The Bank of Thailand's Monetary Policy Committee (MPC) is expected to keep its policy interest rate unchanged Wednesday, opting to assess the second quarter's GDP before making further monetary easing, say economists.
Charl Kengchon, Kasikorn Research Center's managing director, said the rate-setting panel was likely to wait for the economic growth figure released on Aug 17 before evaluating its policy stance.
A looming cabinet reshuffle, particularly for the government's economic team, should also encourage the MPC to stand pat on the rate, as it may want to wait for clearer developments in order to discuss economic policies with new ministers, he said.
Mr Charl said the committee might also want to digest the situation of water reserves in dams until mid-August because inadequate water supply would affect agricultural production and take a toll on farmers' income.
The baht has weakened substantially in recent weeks and the central bank probably prefers to maintain currency stability in the coming period, he said.
"Monetary policy still leans towards a growth stance, but the central bank has to contemplate how to manage its policy amid an imminent rate rise by the US Federal Reserve because it has to manage movement of capital flows while addressing domestic financial costs simultaneously," said Mr Charl.
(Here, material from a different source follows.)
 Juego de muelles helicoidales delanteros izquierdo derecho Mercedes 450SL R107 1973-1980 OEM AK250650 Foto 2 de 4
The benchmark interest rate was unexpectedly cut for two successive meetings in March and April by a quarter-percentage point each time, lowering it to 1.5% in a move the MPC described as a strong dose of medicine to ward off downside risks to economic growth.
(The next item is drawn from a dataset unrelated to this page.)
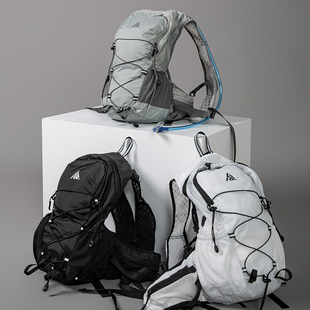 户外徒步登山包小容量一日登山双肩包骑行背包轻便透气新款运动包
The central bank predicts the economy will expand by 3% but exports will contract by 1.5% this year, but it admits that global economic uncertainty and the drought pose further risks to growth momentum.
The MPC is expected to save its limited monetary policy ammunition to use in the future because the baht has depreciated considerably and global economic uncertainty still persists, said Amonthep Chawla, head of research at CIMB Thai Bank.
The committee is also expected to assess the second quarter's economic data released by the National Economic and Social Development Board before making any change to its monetary policy, said Mr Amonthep.
"Although the timing of a Fed rate rise warrants further monitoring, the [Bank of Thailand's] monetary policy remains dovish as inflation is low and economic growth continues as an agenda, so another rate cut cannot be ruled out given the ongoing subpar domestic economic conditions," he said.
Despite room to manoeuvre, monetary policy is not the solution for Thailand's economic malaise because stimulus should be induced by fiscal policy instead, but budget disbursement has been lower than expected, he said.
Santitarn Sathirathai, the Singapore-based head of economic research for Southeast Asia and India at Credit Suisse, said disappointing growth was likely to nudge the central bank to decrease its rate again later this year, bringing it down to a historic low of 1.25%, despite the market consensus being that the rate will remain unchanged.
"We think the drought will hit growth more than inflation given large domestic rice stocks and the very low inflation rate," he said.
"A rate cut can help shore up private sector confidence while easing the appreciation pressure on the baht from the strong current account surplus."